"Saya kira ini menjadi tantangan dan menghambat produktivitas mereka," ujarnya.
Pihaknya mendesak pemerintah untuk semakin menerapkan ekonomi inklusif. Sehingga sektor informal menjadi bagian penting dalam pembangunan basis ekonomi.
Oleh karena itu, pendekatan kebijakan dalam menangani sektor ini perlu memperhatikan karakteristik pekerja informal.
"Formalisasi sektor usaha informal sering kali justru mematikan dan menghambat sektor ini untuk berkembang," ungkap dia.
Sejauh ini pekerja di sektor informal memang memberikan ruang fleksibilitas. Tak ada keterikatan waktu, pekerja informal bisa lebih leluasa mengatur waktu antara bekerja dan urusan pribadinya.
Namun, pekerjaan di sektor ini umumnya tidak memiliki jaminan penghasilan tetap, tidak terikat perlindungan sosial, dan sangat rentan terhadap gejolak ekonomi.

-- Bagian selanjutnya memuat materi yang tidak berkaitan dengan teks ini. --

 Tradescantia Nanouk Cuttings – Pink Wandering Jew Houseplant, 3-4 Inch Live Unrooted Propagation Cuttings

Banyak korban PHK yang banting setir menjadi pedagang kaki lima, tukang parkir, atau driver ojek online, namun penghasilan mereka sering kali tak cukup untuk menutup biaya kebutuhan dasar seperti makanan, tempat tinggal, dan pendidikan anak.
Di sisi lain, tak sedikit perusahaan yang mengalami tekanan hebat akibat kondisi ekonomi global, penurunan permintaan, atau disrupsi digital.

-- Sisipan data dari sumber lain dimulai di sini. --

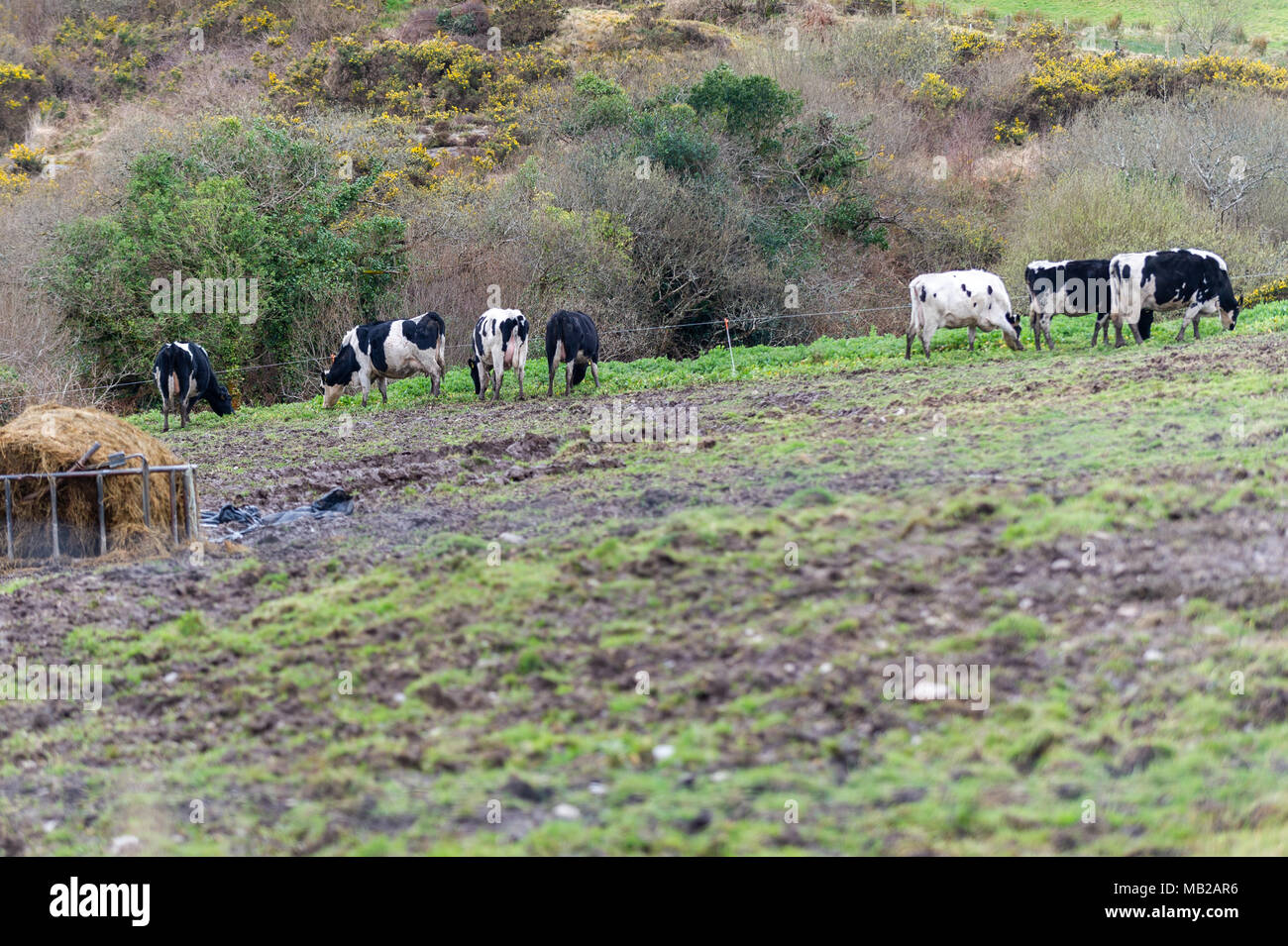 Ballydehob, Ireland. 6th Apr, 2018. A herd of dairy cows attempt to eat what little grass there is left in a field of mud, due to the ongoing fodder crisis in Ireland.  The poor weather has led to no grass growth with fodder having to be imported from the UK to help desperate farmers. Credit: Andy Gibson/Alamy Live News. Stock Photo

Biaya operasional yang tak tertutup pemasukan membuat PHK menjadi pilihan terakhir demi mempertahankan bisnis inti.
Namun, proses PHK yang tidak disertai dengan strategi transisi yang manusiawi justru menciptakan ledakan sosial baru. Para mantan pekerja kehilangan arah tanpa bekal keterampilan baru atau akses terhadap modal.
Pekerja sektor informal memang tangguh, tetapi ketangguhan itu bukan alasan untuk membiarkan mereka berjuang sendirian.
Ketika PHK massal menjadi keniscayaan, maka sudah seharusnya negara hadir lebih aktif. Pemerintah perlu merancang strategi pemulihan yang tidak hanya fokus pada perusahaan besar, tapi juga pada manusianya.